# e8400 overclock



## temprahater (Jul 14, 2012)

Did a simple OC from 3.0 to 3.2 from something i found online , is there anyway to OC anymore without replaceing the stock cooler ?


----------



## Tyree (May 10, 2009)

What temps do you see under load?
It's not a good idea to OC using the OEM heatsink or lower quality components.
PC Specs?
Prebuilt- Brand Name & Model Number
Custom Build- Brand & Model of Mobo-CPU-RAM-Graphics-PSU


----------



## greenbrucelee (Apr 24, 2007)

with a stock cooler you should not overclock at all

please list your components as asked for by Tyree.

Lastly I have an e8400 and if yours is the g0 stepping model then you have a good chip for overclocking but you must get an aftermarket cooler. I have been running mine at 4GHz for nearly 6 years.

Read my guide http://www.techsupportforum.com/forums/f273/how-to-overclock-a-core-2-duo-or-quad-637592.html


----------



## helios19 (Nov 25, 2008)

greenbrucelee said:


> Read my guide http://www.techsupportforum.com/forums/f273/how-to-overclock-a-core-2-duo-or-quad-637592.html


Out of curiosity, what are the preferred room temps for running an E8400 @4GHz on air? (what are your room temps?)

Sorry for steering off topic. :whistling:


----------



## Johnny1982 (Oct 15, 2010)

helios19 said:


> Out of curiosity, what are the preferred room temps for running an E8400 @4GHz on air? (what are your room temps?)
> 
> Sorry for steering off topic. :whistling:


The thing with overclocking is that no two chips will give the same overclock. I got my I3-550 (yes I know it's a newer chip) also overclocked to 4,10ghz and where I stay it gets like over 30c most days in summer.

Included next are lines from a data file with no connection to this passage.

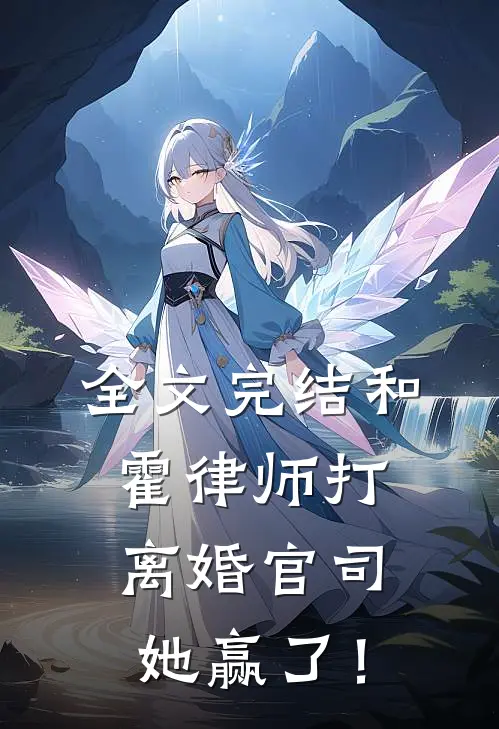 全文完结和霍律师打离婚官司，她赢了！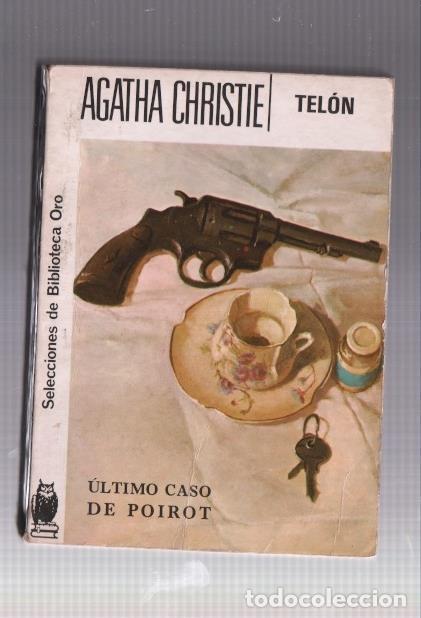 Livros em segunda m&atilde;o: Selecciones de Biblioteca Oro numero 297: Telon, ultimo caso de Poirot - Agatha Christie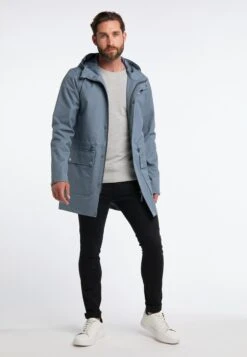 Schmuddelwedda Vestes De Mi-saison Parka Mi-saison Homme Bleu-gris 10 Schmuddelwedda Vestes De Mi-saison Parka Mi-saison Homme Bleu-gris -Schmuddelwedda a30029035fa0602fda906a6cf9dadba9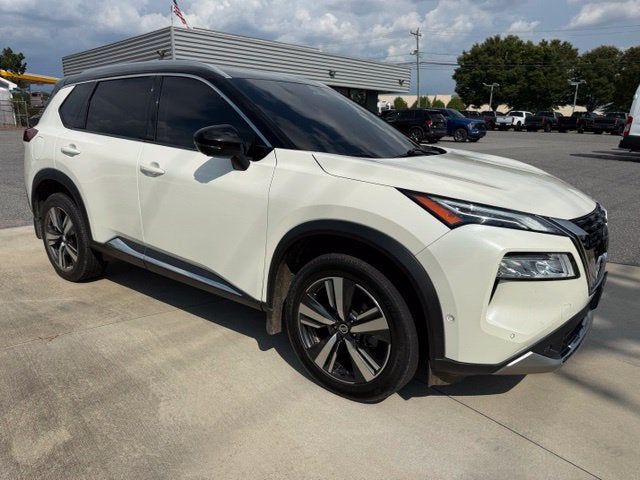 2021 Nissan Rogue Platinum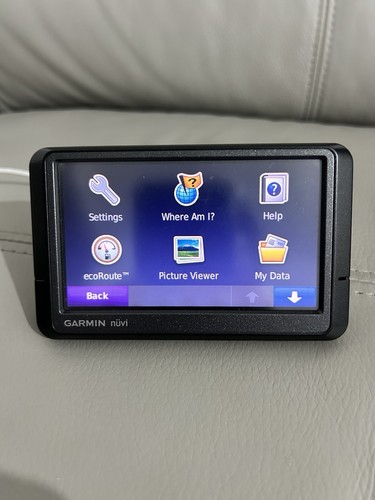 Garmin nuvi 265w sat nav - nuvi,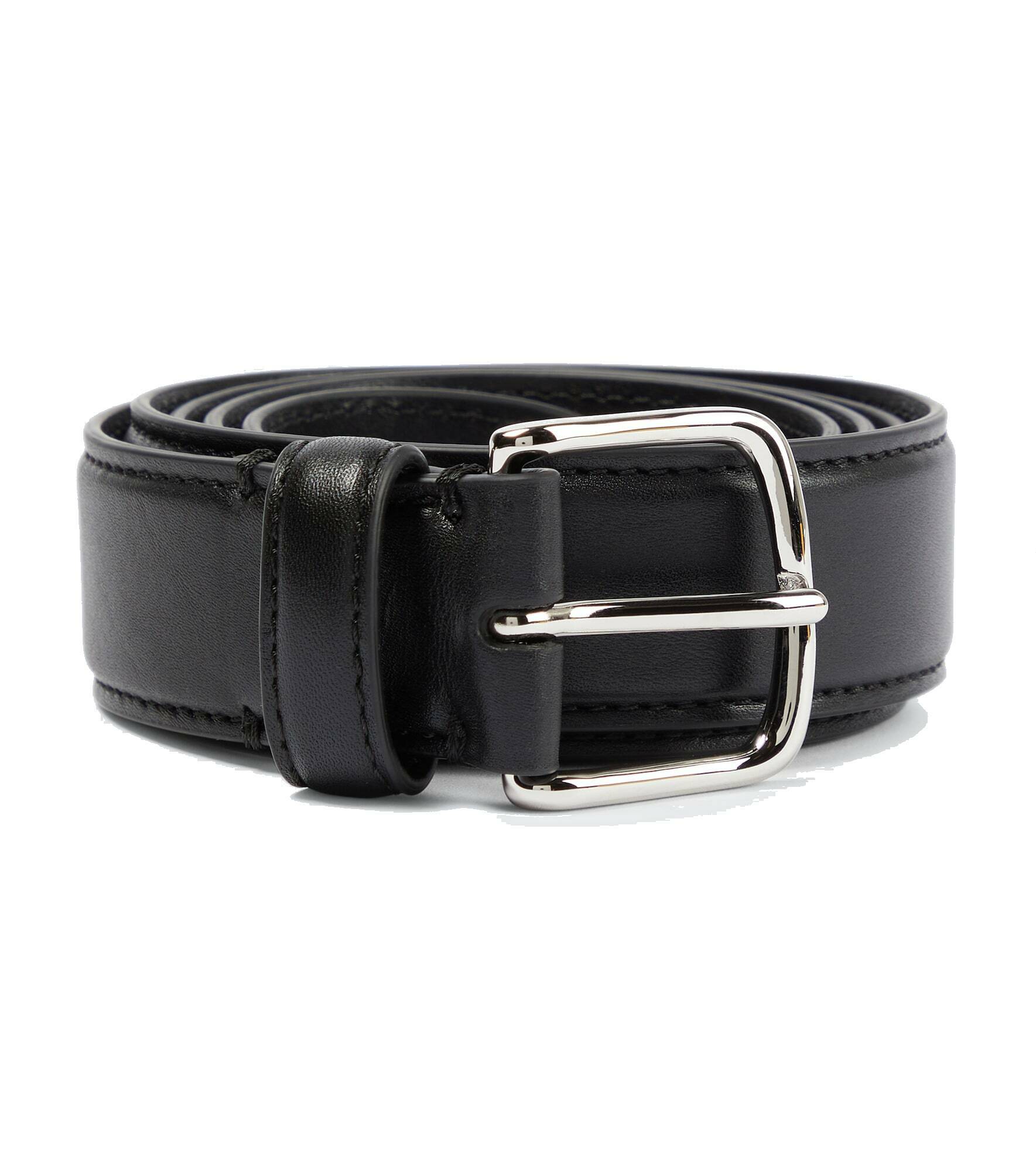 The Row - Leather belt The Row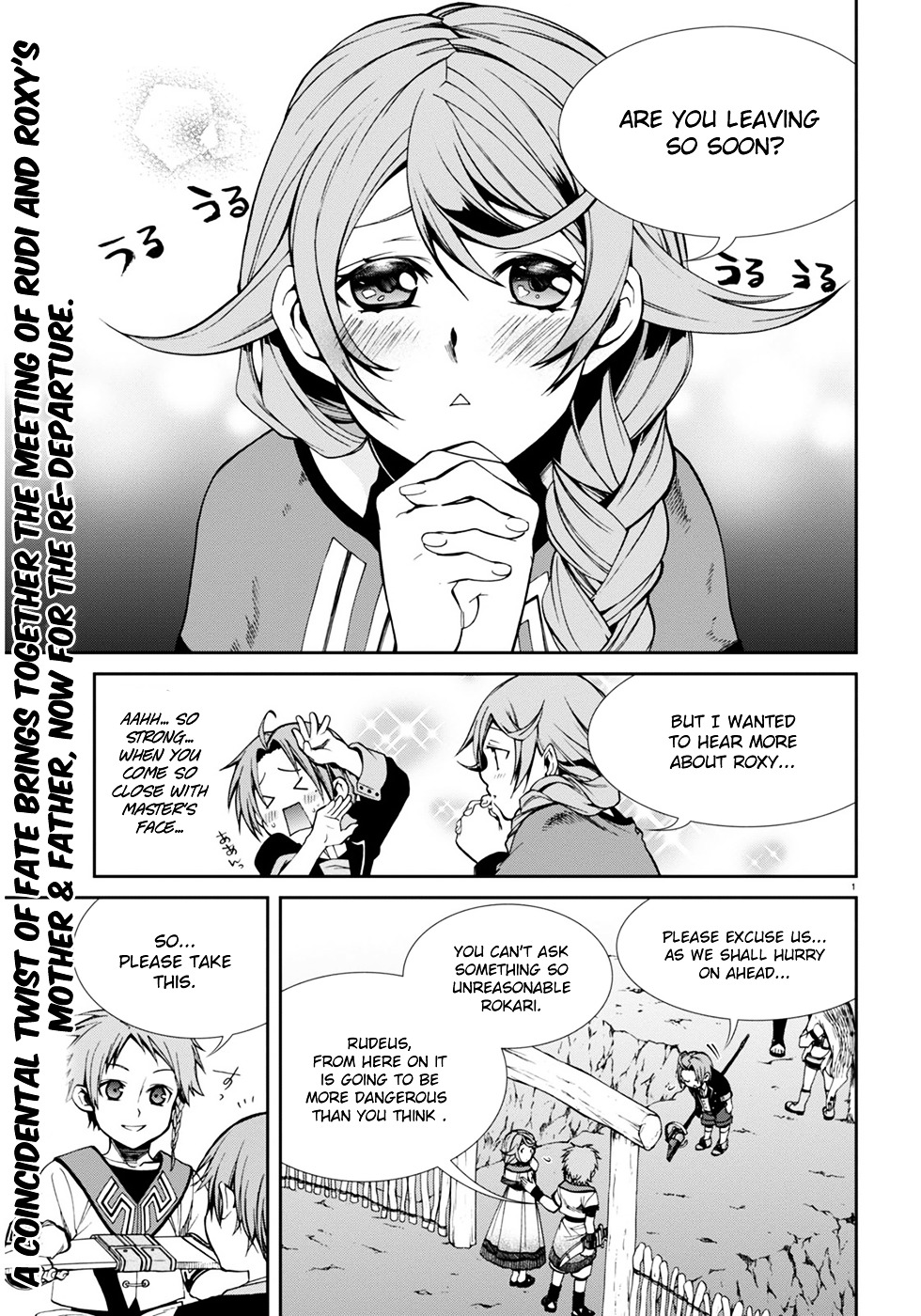 Mushoku Tensei - Isekai Ittara Honki Dasu - Chapter 20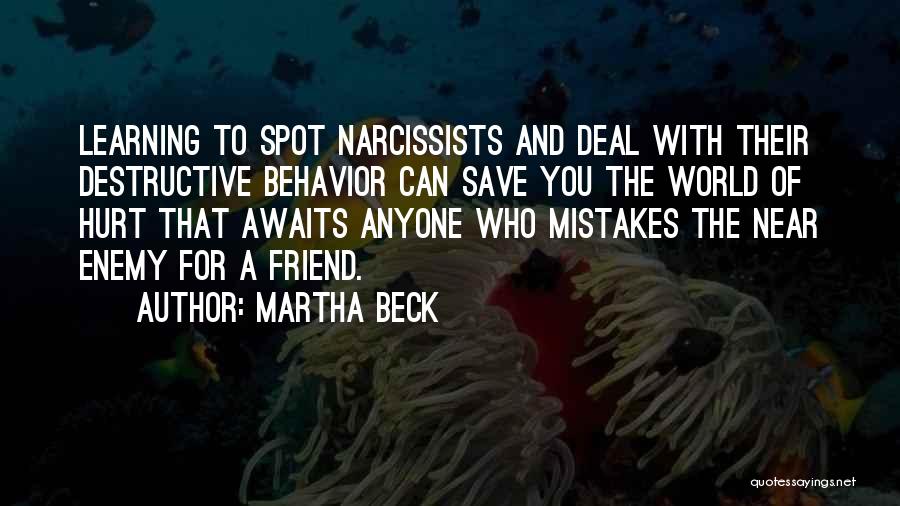 You Can't Save Anyone Quotes By Martha Beck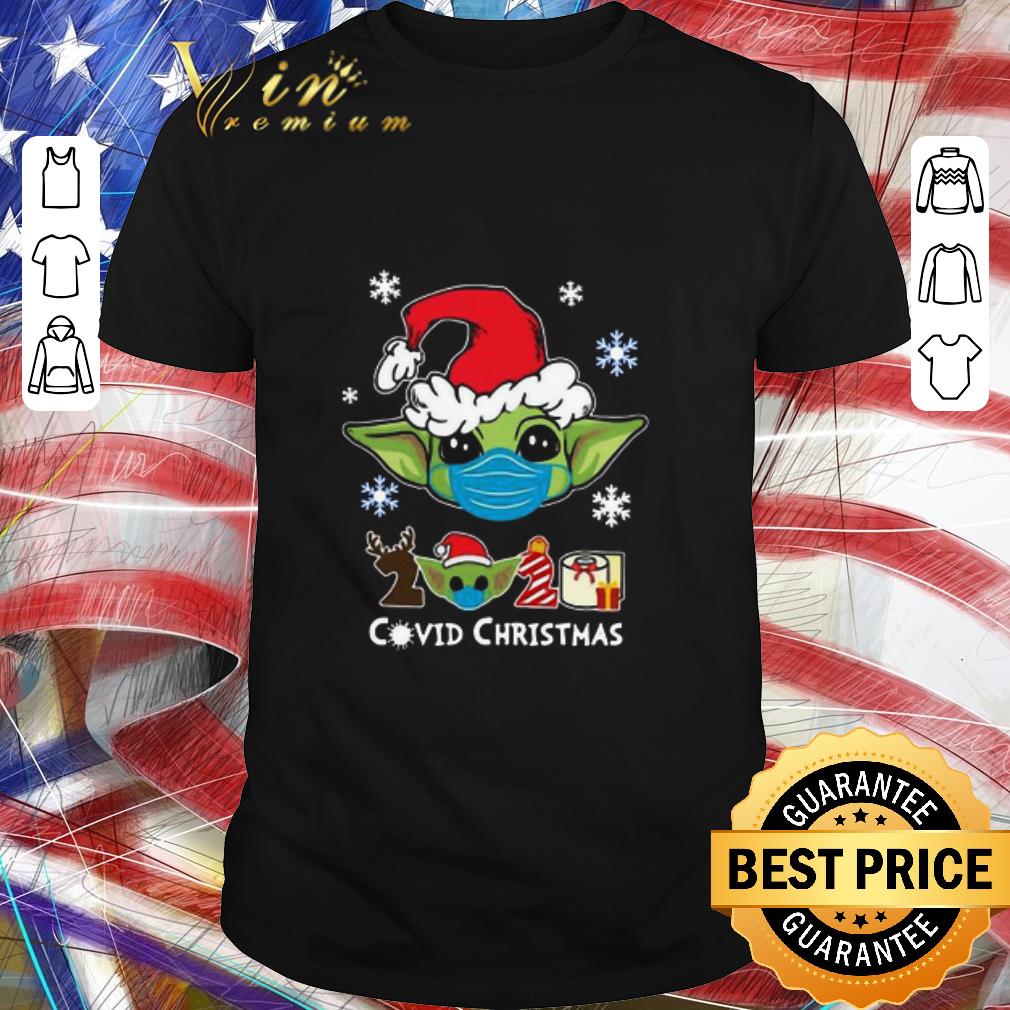 Official Santa Baby Yoda Face Mask 2020 Toilet Paper Covid 19 Christmas Sweater shirt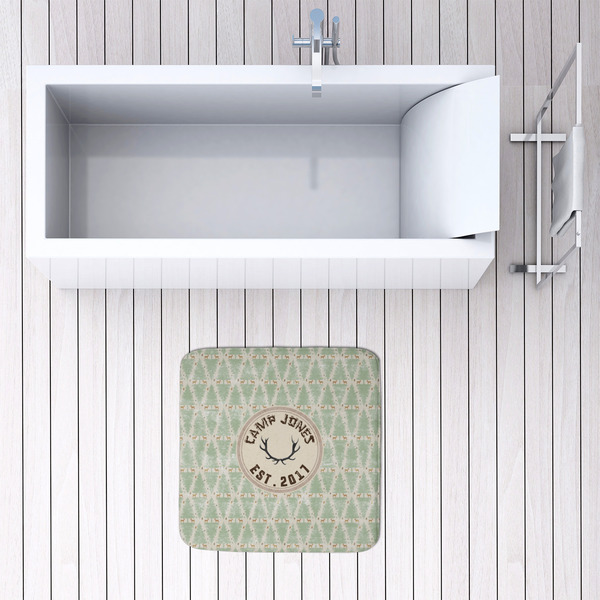 Deer 48x48 Foam Memory Mat - LIFESTYLE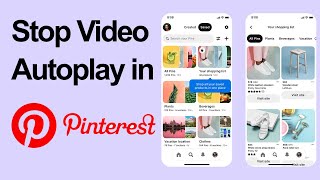 How to stop video autoplay in Pinterest app in android os? // Smart Enough screenshot 1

Had a E2160 (overclocking dream) that I also overclocked, but could only get 2,70ghz in summer and on occasion 3,00ghz in winter.


----------



## helios19 (Nov 25, 2008)

Yeah, well my room heats up like crazy in Summer... has hit 40+ degrees Celsius before... so I guess I shouldn't expect much if I were to OC personally.


----------



## tyza (Jun 9, 2008)

40c is like close to death D: and you're STILL OCING in that weather? gg xD


----------